Short text fragments from websites –
•••••

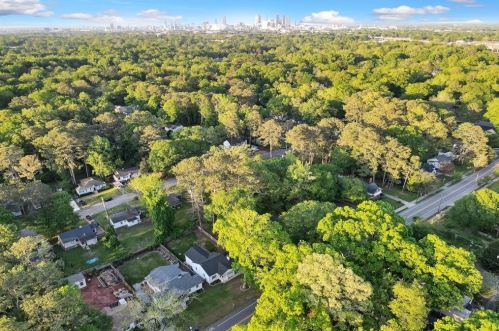 1335 Avon Ave, Atlanta GA  30310-3907 exterior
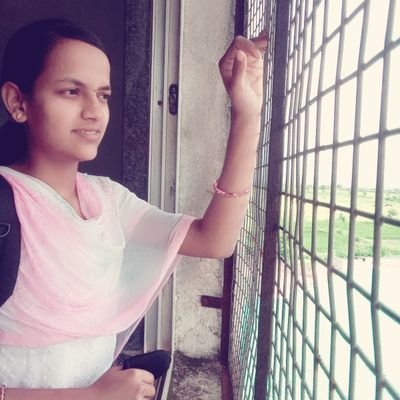 ShedekarShweta's profile picture. #CSE student 💻😊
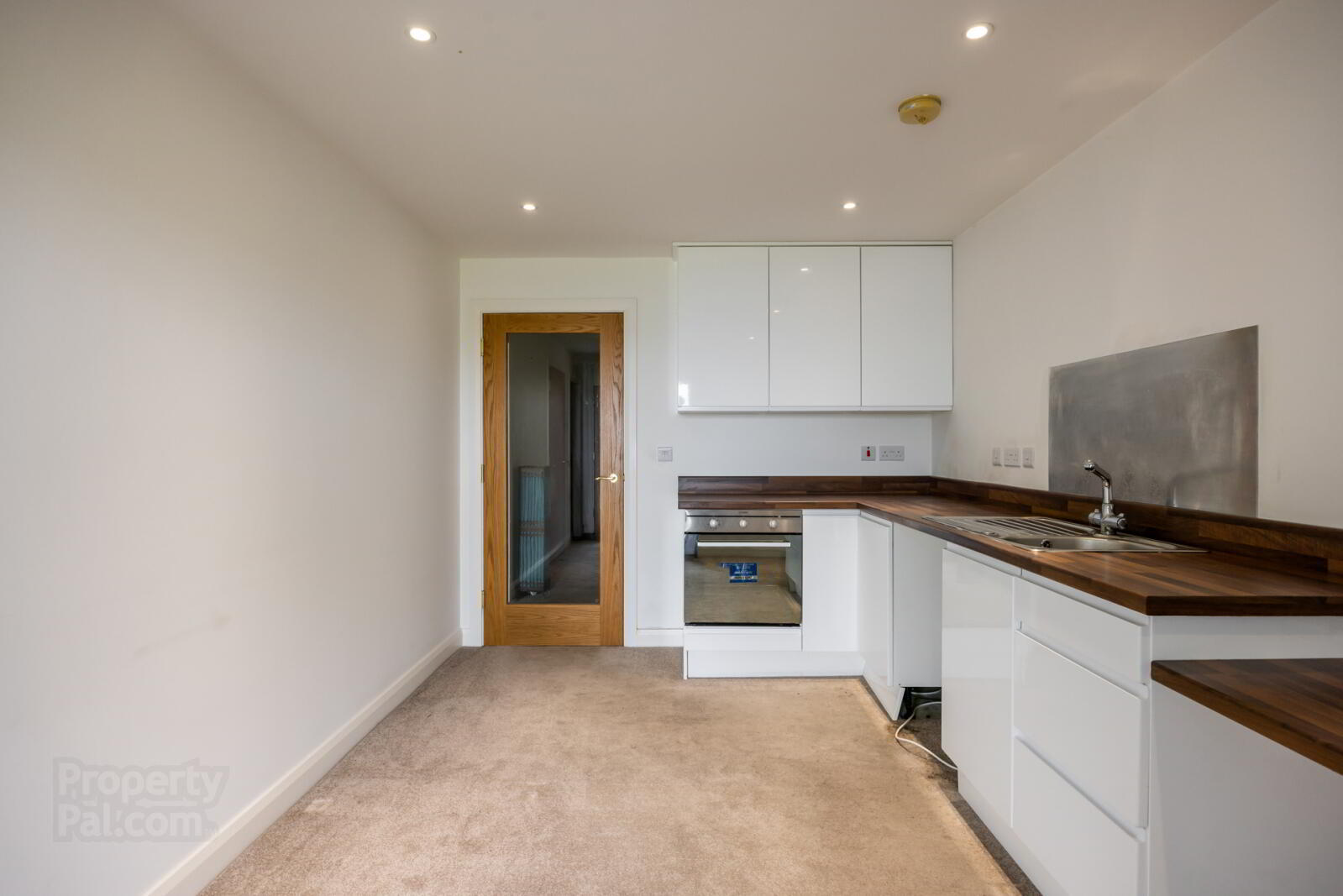 1 Downshire Court 26 of 55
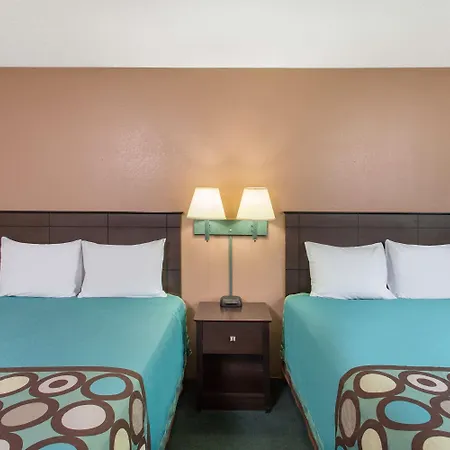 Super 8 By Wyndham Austin Mn-3
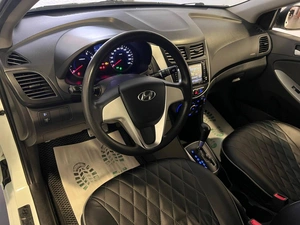 Седан Hyundai Solaris 2016 года, 769000 рублей, Красноярск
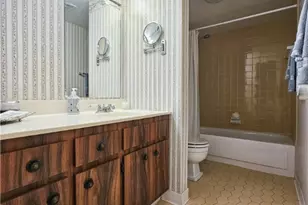 2120 Greentree Rd, Scott Township, PA 15220 - Photo 8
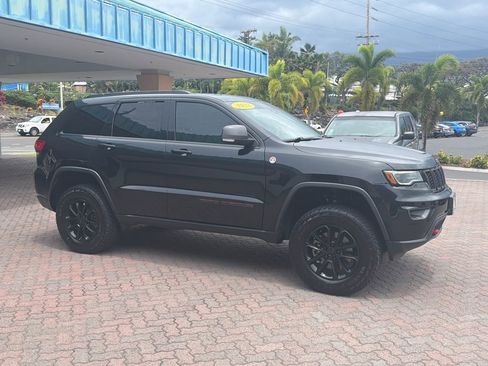 Used 2021 Jeep Grand Cherokee Trailhawk w/ Premium Lighting Group image 6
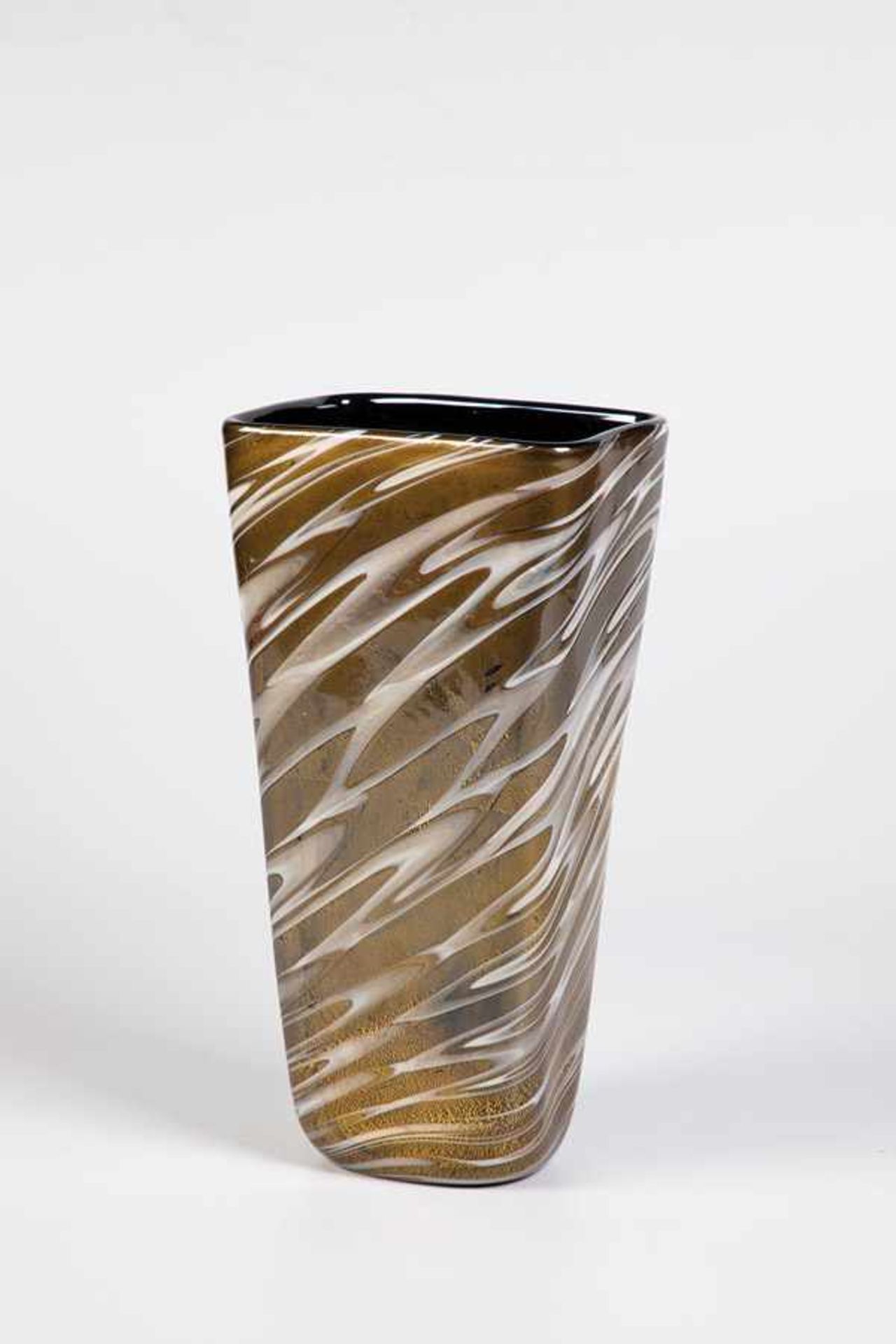 Vase "Variegato"Vetreria Gino Cenedese, Murano, 1950 Schwarzviolettes Glas mit fein geplatzter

•••••

PROBLEM TO WORK ON –
A word-for-word copy of the records is needed, with no pictures carried over.

OUTPUT –
 1335 Avon Ave, Atlanta GA  30310-3907 exterior
 ShedekarShweta's profile picture. #CSE student 💻😊
 1 Downshire Court 26 of 55
 Super 8 By Wyndham Austin Mn-3
 Седан Hyundai Solaris 2016 года, 769000 рублей, Красноярск
 2120 Greentree Rd, Scott Township, PA 15220 - Photo 8
 Used 2021 Jeep Grand Cherokee Trailhawk w/ Premium Lighting Group image 6
 Vase "Variegato"Vetreria Gino Cenedese, Murano, 1950 Schwarzviolettes Glas mit fein geplatzter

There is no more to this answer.